By most measures, Jeffrey Tayler's daily life in the autumn of 1994 might have seemed adventurous enough -- an American writer and former Peace Corps volunteer living in Moscow, he worked for a security company protecting Western businessmen from the Russian mafia. But apparently the prospect of being ''blown up or gunned down'' wasn't a sufficient test of his mettle. So he concocted a challenge for himself: to travel the Congo River from Kisangani to Kinshasa in the former Zaire, recreating part of Henry Stanley's famous journey of the 1870's. But Tayler would make his descent with a single guide. In secret. In a wooden pirogue. ''Confronting and vanquishing a tropical river would be my defining achievement,'' Tayler explains in FACING THE CONGO (Ruminator Books, $27), his absorbing if somewhat irony-deficient book about the journey. ''I hoped that the expedition would settle once and for all my doubts about who I was and what I could accomplish.''
As Tayler soon learns, though, a country torn apart by decades of social chaos and devastating poverty is not necessarily the best setting for a voyage of self-discovery. First, there are the purely physical challenges -- the heat, the sudden storms, the stinging and biting insects, the crocodiles -- all of which take their toll, and some of which Tayler describes with more vividness than readers may appreciate. (My favorite moment: his account of snacking on insect hors d'oeuvres -- Some of the bugs made a crisp crunching sound; others . . . went down with a squish.'')

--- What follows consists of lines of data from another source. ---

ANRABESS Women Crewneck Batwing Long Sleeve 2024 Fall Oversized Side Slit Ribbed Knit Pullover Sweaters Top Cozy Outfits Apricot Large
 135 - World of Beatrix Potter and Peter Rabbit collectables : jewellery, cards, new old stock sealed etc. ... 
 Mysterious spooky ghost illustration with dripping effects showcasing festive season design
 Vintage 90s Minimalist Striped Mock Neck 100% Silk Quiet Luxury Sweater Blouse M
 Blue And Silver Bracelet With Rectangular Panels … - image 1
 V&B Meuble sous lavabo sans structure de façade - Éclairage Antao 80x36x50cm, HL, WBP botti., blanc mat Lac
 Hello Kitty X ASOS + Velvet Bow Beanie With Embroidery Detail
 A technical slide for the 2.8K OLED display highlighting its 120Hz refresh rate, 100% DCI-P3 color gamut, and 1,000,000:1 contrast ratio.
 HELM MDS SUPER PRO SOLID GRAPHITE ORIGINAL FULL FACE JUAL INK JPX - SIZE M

But the most difficult aspect of his trip proves to be dealing with the people who live along the river. Schooled by years of bitter history to regard white strangers with suspicion or even outright hostility, they assail the little expedition at every turn with demands, denunciations and threats. Eventually, with his guide sick and his own endurance gone, Tayler is forced to end his journey prematurely. ''I found myself stung by my failure and trying to deny what I would later come to see as obvious: that I had exploited Zaire as a playground on which to solve my own rich-boy existential dilemmas.'' Finally, he comes to a sobering (though inelegantly expressed) conclusion: ''My drama of self-actualization proved obscenely trivial beside the suffering of the Zaireans and the injustices of their past.''
Jeffrey Tayler also makes an appearance in THE BEST AMERICAN TRAVEL WRITING 2000 (Houghton Mifflin, cloth, $27.50; paper, $13), to which he contributes two dispatches -- one from the Russian hinterlands and another from the isolated Chinese region of Xinjiang (prompting the question: has this man ever visited Disney World?). But he's not alone in his taste for the remote. This anthology of magazine pieces, guest-edited by Bill Bryson with the series editor, Jason Wilson, is chock-full of rich-boy (and -girl) existentialists actualizing themselves -- with consistently interesting results -- in places as exotic as Zanzibar and Cambodia, Nunavut and Bhutan. Granted, there are a few weak links; I didn't much care for William Booth's ''Boat Camp,'' a sailing story that, like most sailing stories, left me reaching for the caffeinated beverages. (''It was out into the channel, and we raised the mainsail and the genoa jib, but the winds were contrary,'' and so on and so on.) But the great majority of entries rise to genuine excellence, with particularly entertaining, insightful or horrifying contributions from Bill Buford (on spending the night in Central Park), Dave Eggers (picking up hitchhikers in Cuba), Mark Ross (being held hostage in war-torn Uganda) and Jonathan Tourtellot (discovering ''the two faces of tourism'' in Mexico's Copper Canyon). This is the latest in Houghton Mifflin's ever-expanding list of Best American anthologies, and if future volumes even approach the quality of this one, our travel literature will be noticeably richer.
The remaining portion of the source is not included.